--- START ---
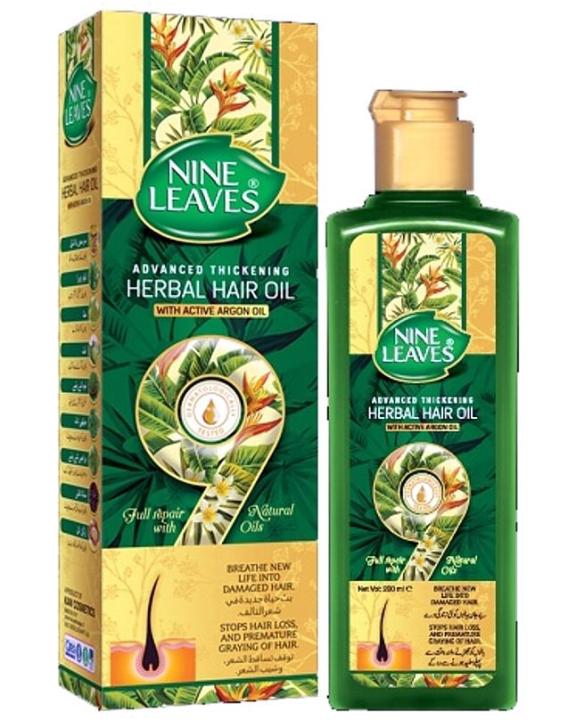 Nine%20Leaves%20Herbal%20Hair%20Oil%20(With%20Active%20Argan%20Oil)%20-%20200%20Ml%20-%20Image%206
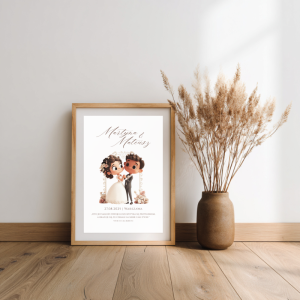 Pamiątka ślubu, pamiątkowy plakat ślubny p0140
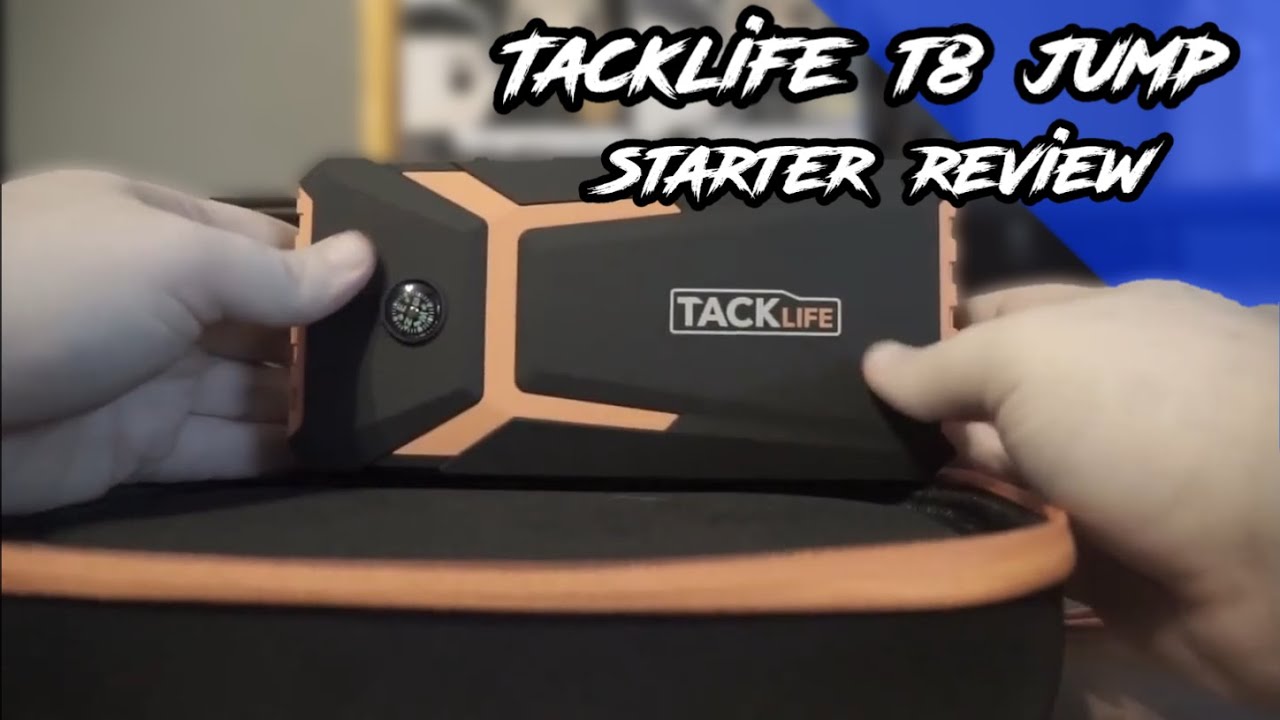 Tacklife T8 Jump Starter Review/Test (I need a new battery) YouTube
--- END ---
--- START ---
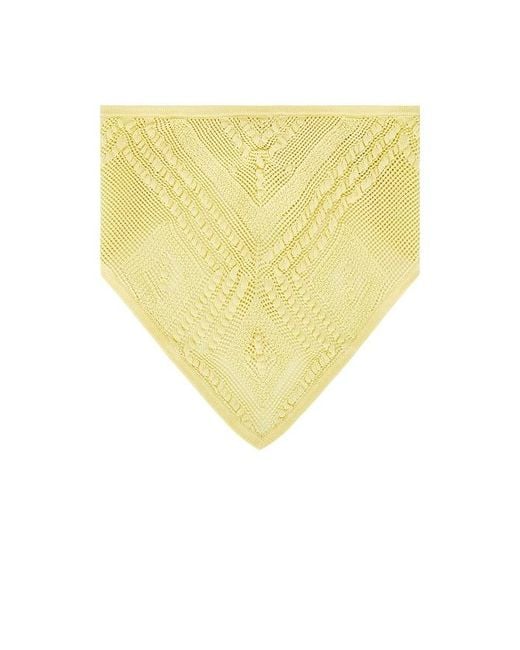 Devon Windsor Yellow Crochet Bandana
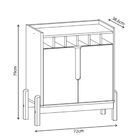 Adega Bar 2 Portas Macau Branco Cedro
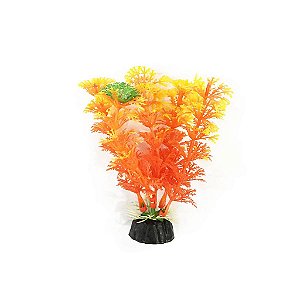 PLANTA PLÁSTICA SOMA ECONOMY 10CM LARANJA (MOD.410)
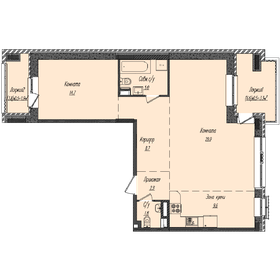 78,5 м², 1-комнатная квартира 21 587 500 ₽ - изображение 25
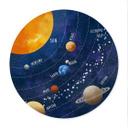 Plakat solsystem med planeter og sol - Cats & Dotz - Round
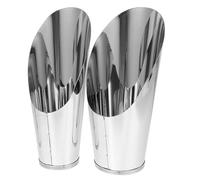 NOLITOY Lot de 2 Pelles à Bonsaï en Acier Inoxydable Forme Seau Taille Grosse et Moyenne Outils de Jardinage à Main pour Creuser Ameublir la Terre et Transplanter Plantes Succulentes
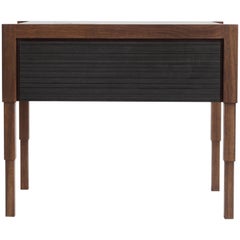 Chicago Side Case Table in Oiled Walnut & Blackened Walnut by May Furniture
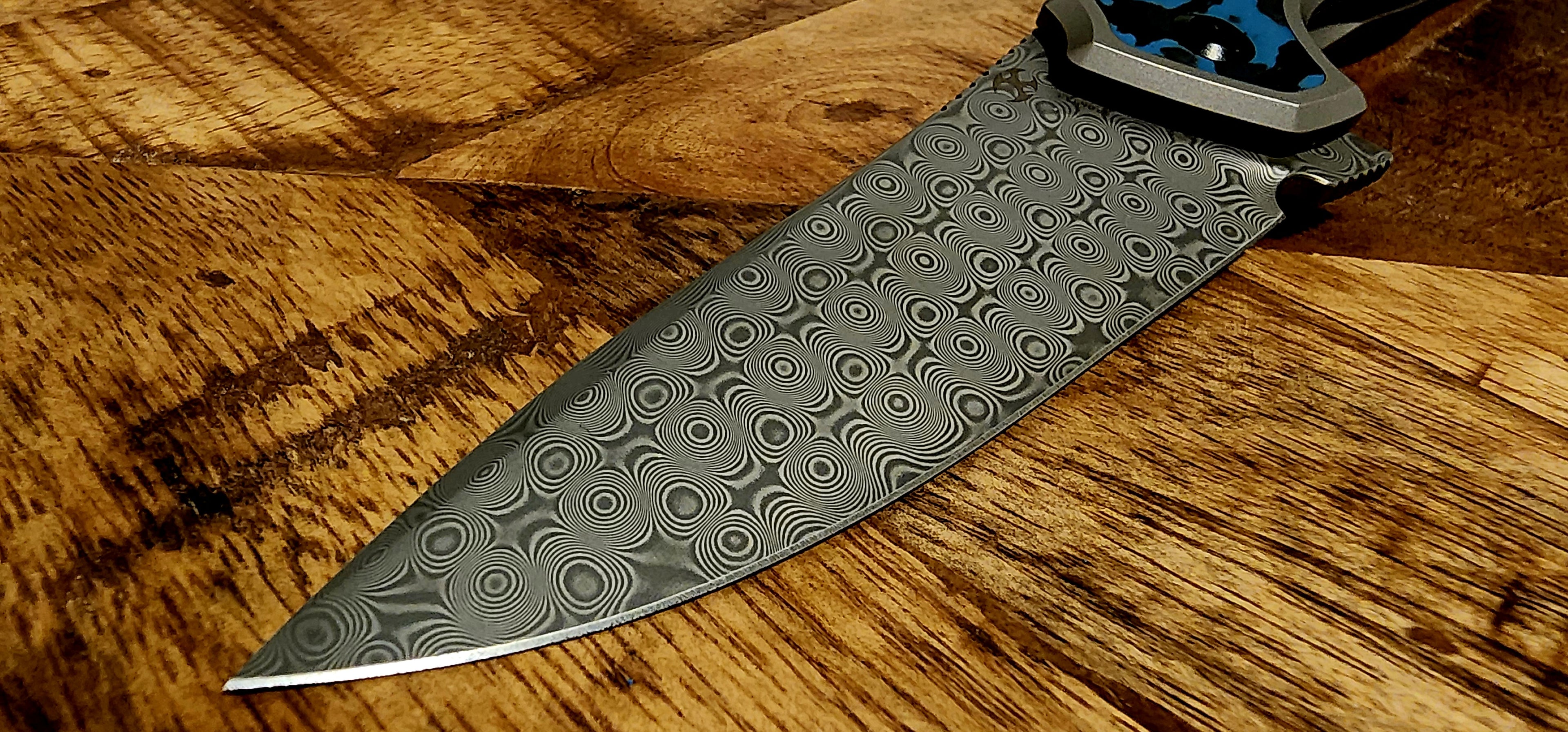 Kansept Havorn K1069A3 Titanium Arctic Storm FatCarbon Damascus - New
--- END ---
> **Work item**
Find where the line with "Adega Bar 2 Portas Macau Branco Cedro" sits in the material above and where the line with "Chicago Side Case" sits. Set down exactly the lines from the first to the second, both included and nothing else, without pictures.

> **Result**
 Adega Bar 2 Portas Macau Branco Cedro
 PLANTA PLÁSTICA SOMA ECONOMY 10CM LARANJA (MOD.410)
 78,5 м², 1-комнатная квартира 21 587 500 ₽ - изображение 25
 Plakat solsystem med planeter og sol - Cats & Dotz - Round
 NOLITOY Lot de 2 Pelles à Bonsaï en Acier Inoxydable Forme Seau Taille Grosse et Moyenne Outils de Jardinage à Main pour Creuser Ameublir la Terre et Transplanter Plantes Succulentes
 Chicago Side Case Table in Oiled Walnut & Blackened Walnut by May Furniture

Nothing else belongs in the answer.